Forum o żółwiach lądowych - żółw stepowy i grecki, hodowla, terrarium, nasze żółwie
Żółwie lądowe => Żywienie => Warzywa i ich zielone części oraz liście drzew i krzewów => Wątek zaczęty przez: Elżbieta w 09.02.2007, 13:03:32 pm
-
A czy można podawać żółwiom rzodkiewkę?I czy liście drzew lub krzewów owocowych są wskazane tzn chodzi mi o malinę , jerzynę, porzeczkę, agrest,wiśnię,truskawkę?I jeszce co sądzicie o liściach buraków?(zauważyłam że mój żółw spacerując sobie po ogrodzie podgryzał sobie własnie te listki)
Z góry dziekuję za pomoc.
-
Liście rzodkiewki podawać można, korzeń moim zdaniem się nie nadaje z uwagi na ostry smak, niewykluczone również że może mieć zły skład chemiczny, ale musiałabym sprawdzić. Dam znać.
Liście drzew lub krzewów owocowych - różnie, niektóre się nadają, inne zaś mogą być toksyczne (takie informacje można znaleźć na niektórych angielskich stronach).
Z tego co wymieniłaś na pewno nadaja się liście: malin, jeżyn (z obu trzeba usunąć ew. kolce) i truskawek. Mogą być też liście poziomek, chrzanu (mój żółw je uwielbia, do tego są bardzo twarde i się musi nieco namęczyć).

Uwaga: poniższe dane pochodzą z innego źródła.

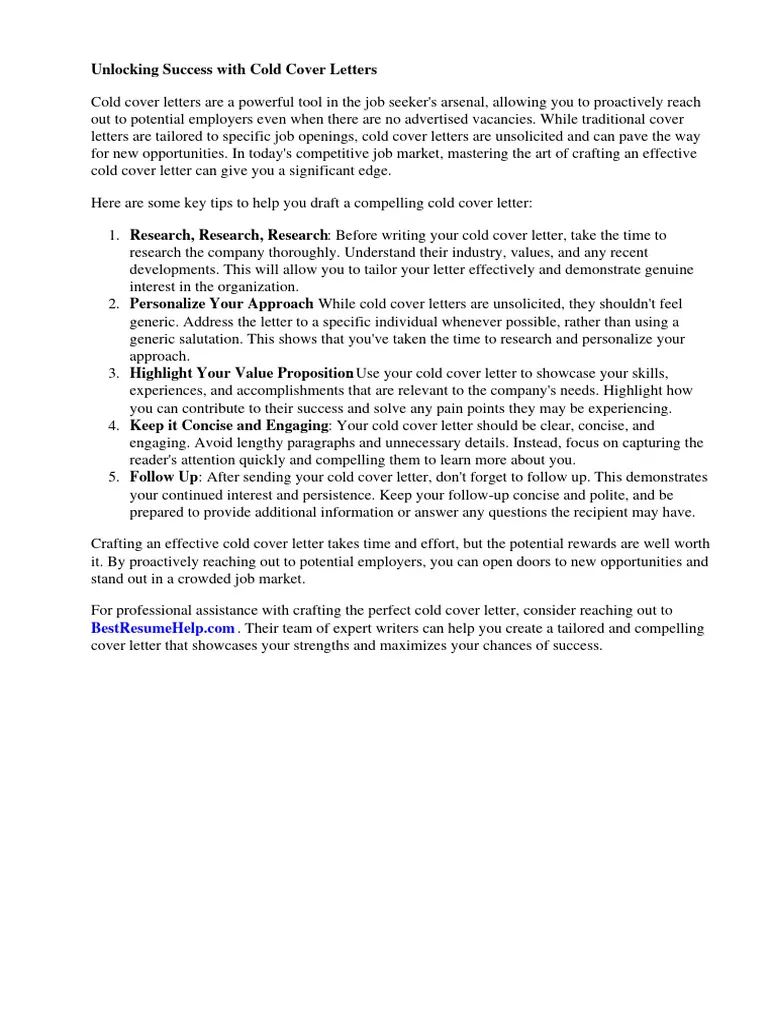 40162 cold call cover letter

Porzeczka i agrest - nie słyszałam o przeciwskazanich, więc raczej też.
Burak - zawiera pewne ilości kwasu szczawiowego, więc nie jest optymalnym pożywieniem dla żółwia.
Wiśnia, śliwa, brzoskwinia, czereśnia i inne z rodzaju Prunus - nie, wiele źródeł podaje iż mogą być toksyczne.
-
odkopałam sobie temat ::)
a czy zieloną cześć marchewki można dać żółwiowi czy są jakieś przeciwwskazania ???
-
Nie próbowałam nigdy podawać. Spotykam różne opinie. Niektórzy stoją na stanowisku że można ale zdarzają się głosy że natka marchwi się nie nadaje z uwagi na obecność kwasu szczawiowego... aczkolwiek przejrzałam bazę na: http://www.ars-grin.gov/duke/highchem.html i nie znalazłam nic o tym odnośnie liści (jest natomiast korzeń).
W tej sytuacji ciężko stwierdzić komu przyznać rację ale na pewno warto zachować zdrowy rozsądek i nie podawać zbyt często. Zawsze wskazane jest też urozmaicenie diety o wiele gatunków roślin...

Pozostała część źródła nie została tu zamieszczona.